▶ [YOUR OBJECTIVE] Return the data below exactly, please, but drop the pictures.

▶ [DATA SUPPLIED]
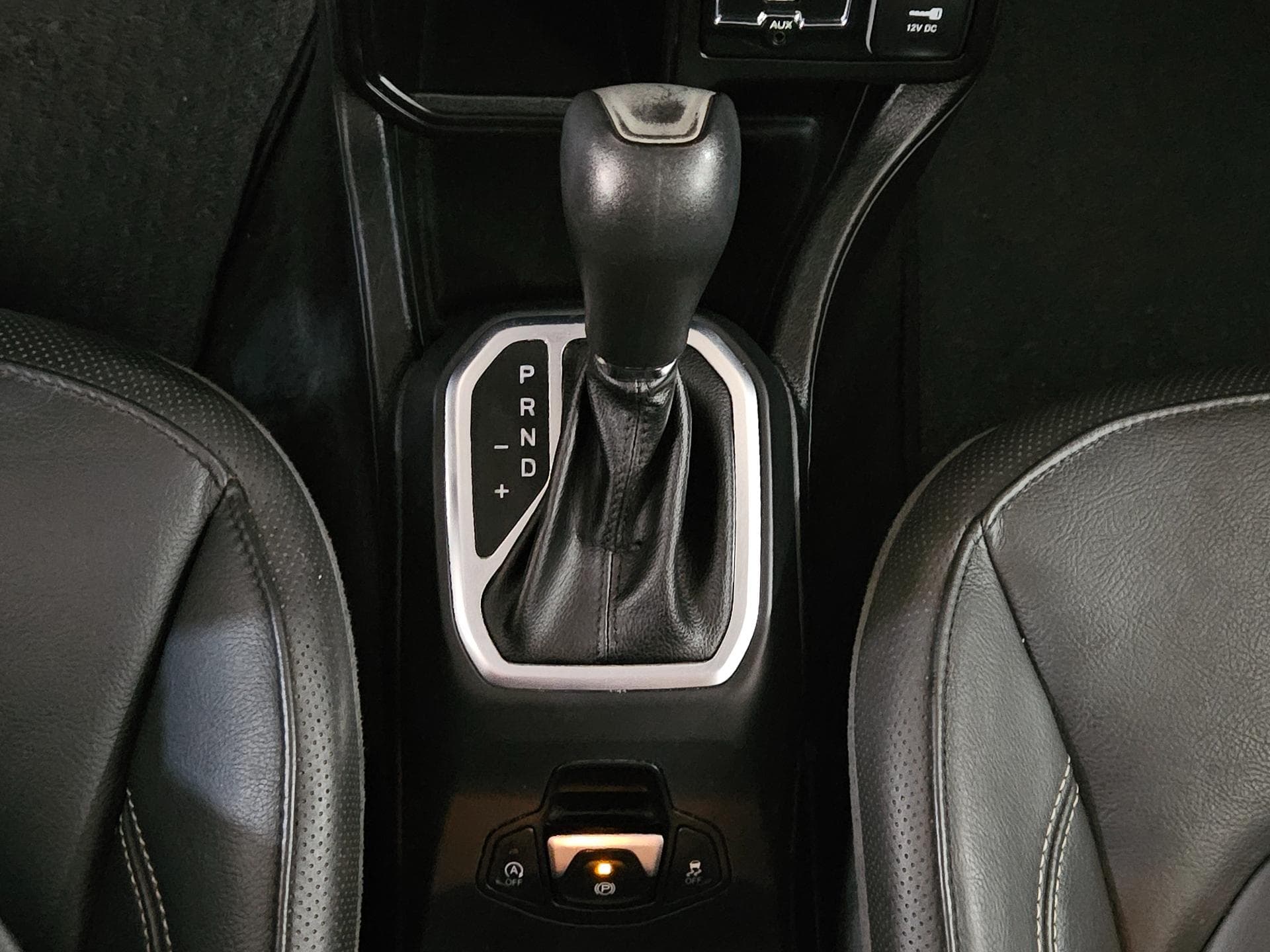 Jeep Renegade Lngtd At 2020 miniatura 11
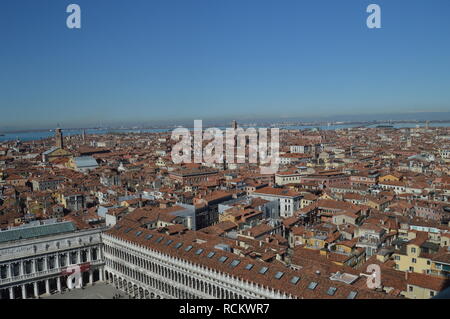 Vistas aéreas desde el campanario Torre sobre los tejados de los edificios de estilo veneciano en Venecia. Viajes, vacaciones, Arquitectura. Marzo 27, 2015. Venecia, R Foto de stock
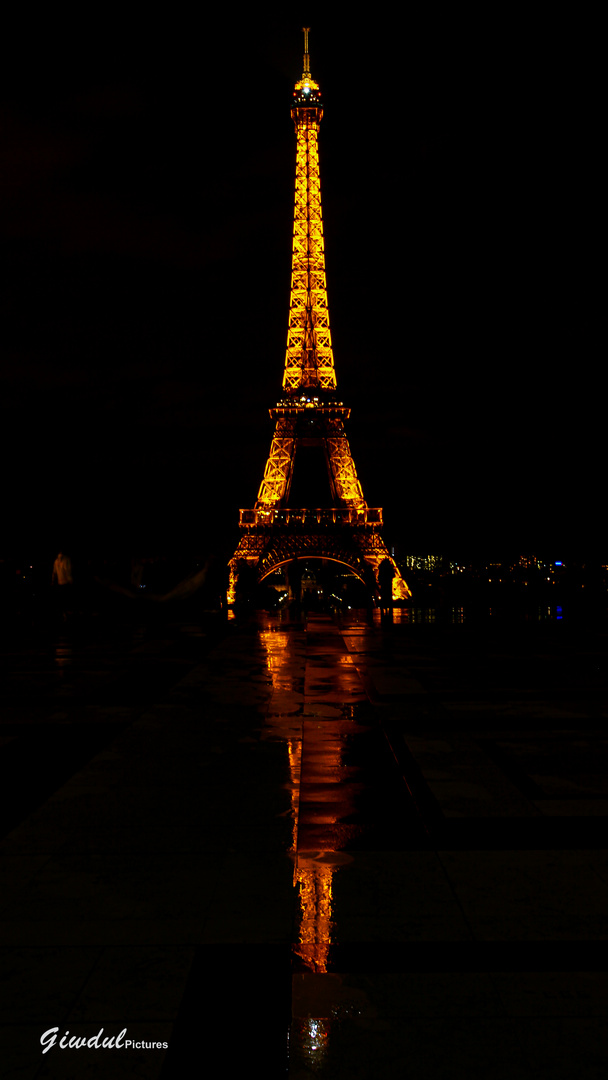 "Tour-Spiegel"  "Copyright Tour Eiffel - Illuminations Pierre Bideau"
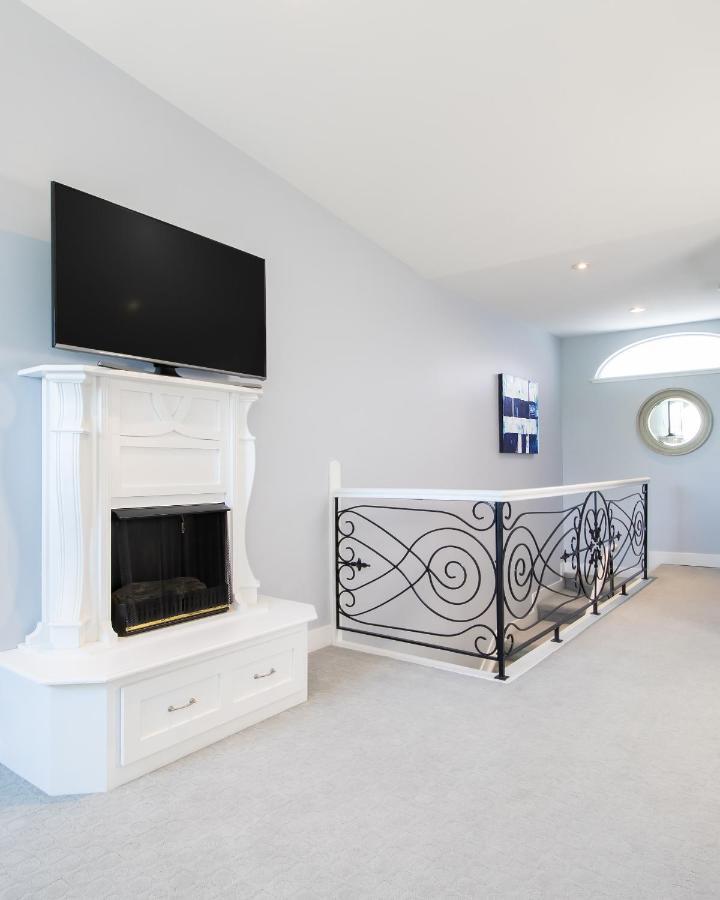 Premiere Loft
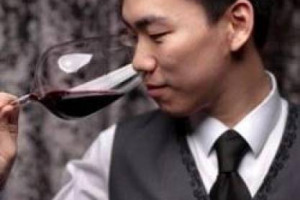 I NUMERI DI VINEXPO E INTERNATIONAL WINE & SPIRIT RESEARCH METTONO LA CINA AL PRIMO POSTO NEI CONSUMI MONDIALI DI VINO ROSSO. MA DAGLI USA, LA FIRMA DI &ldquo;GRAPE WALL OF CHINA&rdquo; E &ldquo;WINE INDUSTRY&rdquo;, JIM BOYCE, NE SVELA I LIMITI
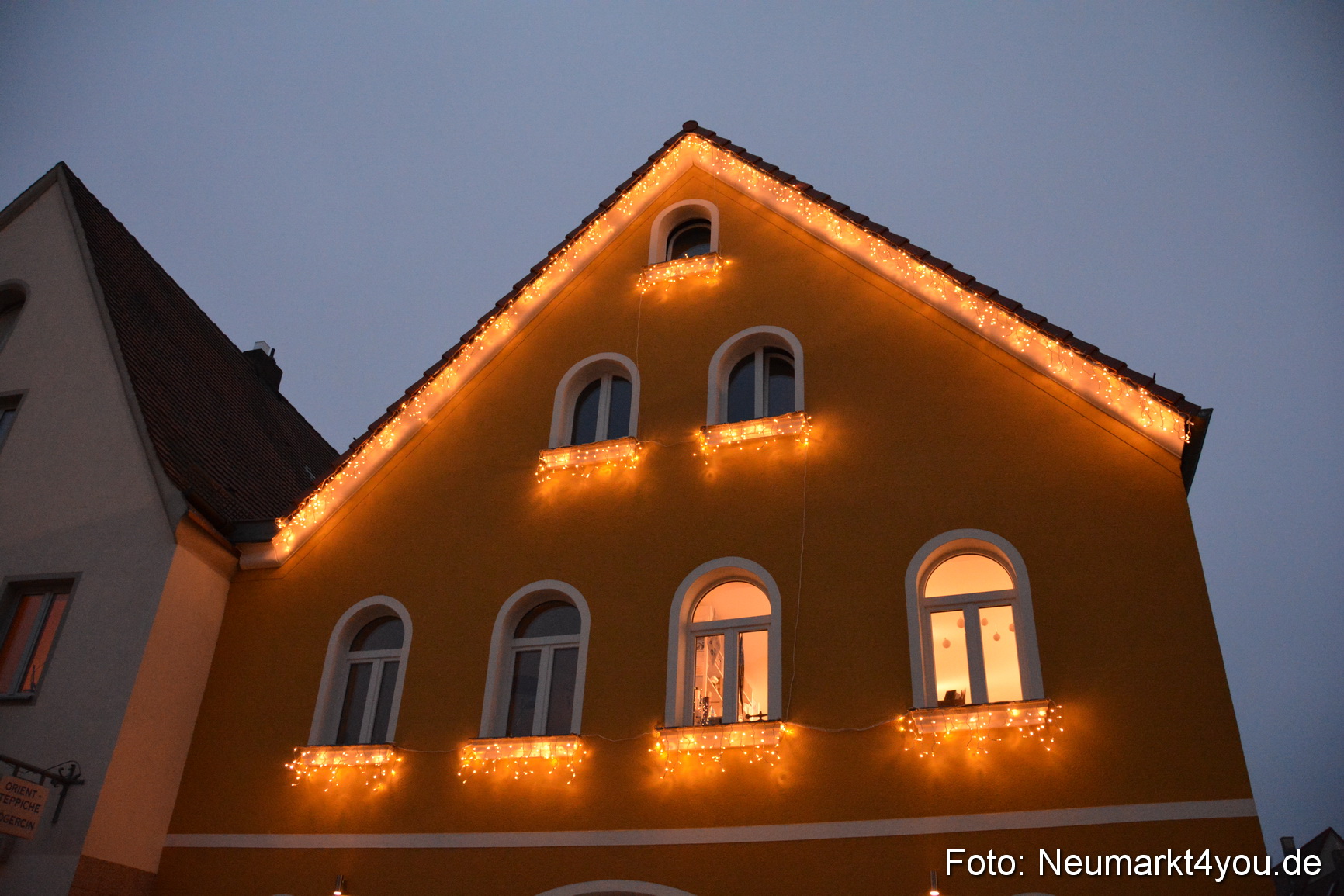 Weihnachtsmarkt Neumarkt 2014 0122a
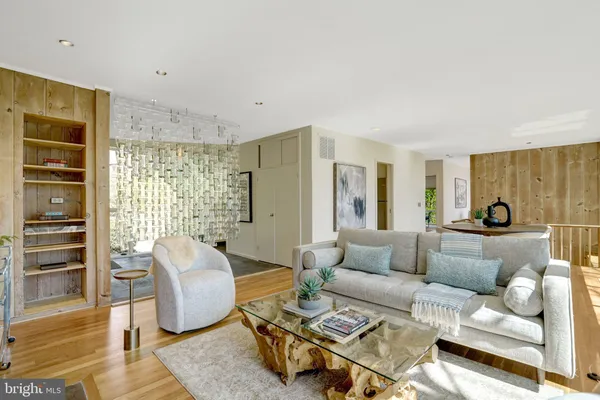 $1,199,990 | 7400 Rebecca Drive, Alexandria, VA 22307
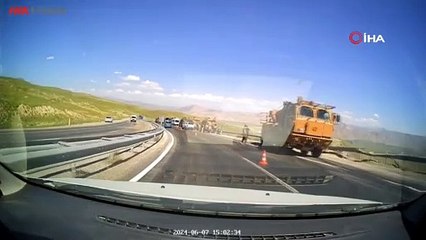 Van'da askeri araç devrildi: 3 asker yaralandı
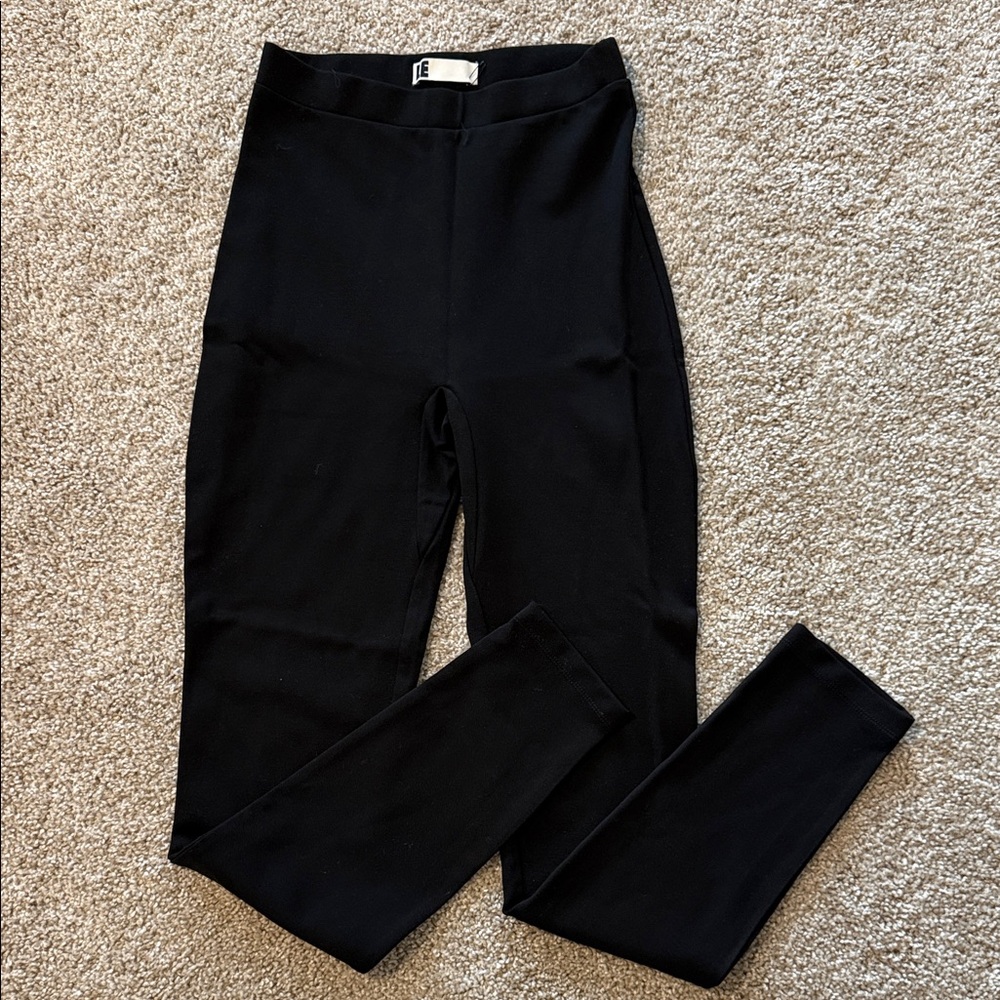 Sleek Black Women's Leggings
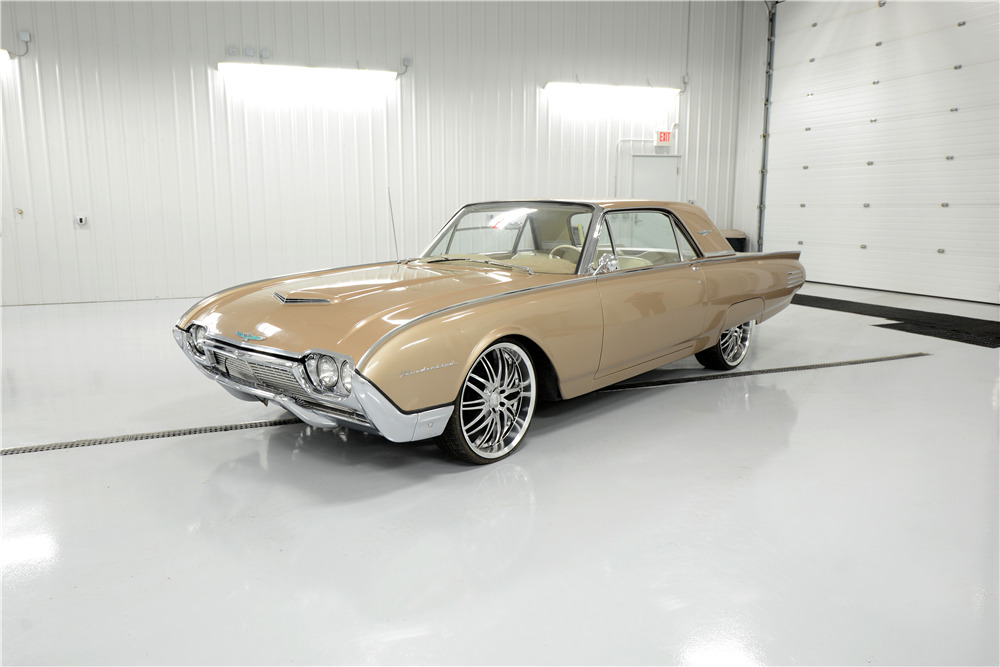 1961 FORD THUNDERBIRD - Front 3/4 - 195220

▶ [RESPONSE TO THE EXERCISE]
 Jeep Renegade Lngtd At 2020 miniatura 11
 Vistas aéreas desde el campanario Torre sobre los tejados de los edificios de estilo veneciano en Venecia. Viajes, vacaciones, Arquitectura. Marzo 27, 2015. Venecia, R Foto de stock
 "Tour-Spiegel"  "Copyright Tour Eiffel - Illuminations Pierre Bideau"
 Premiere Loft
 I NUMERI DI VINEXPO E INTERNATIONAL WINE & SPIRIT RESEARCH METTONO LA CINA AL PRIMO POSTO NEI CONSUMI MONDIALI DI VINO ROSSO. MA DAGLI USA, LA FIRMA DI &ldquo;GRAPE WALL OF CHINA&rdquo; E &ldquo;WINE INDUSTRY&rdquo;, JIM BOYCE, NE SVELA I LIMITI
 Weihnachtsmarkt Neumarkt 2014 0122a
 $1,199,990 | 7400 Rebecca Drive, Alexandria, VA 22307
 Van'da askeri araç devrildi: 3 asker yaralandı
 Sleek Black Women's Leggings
 1961 FORD THUNDERBIRD - Front 3/4 - 195220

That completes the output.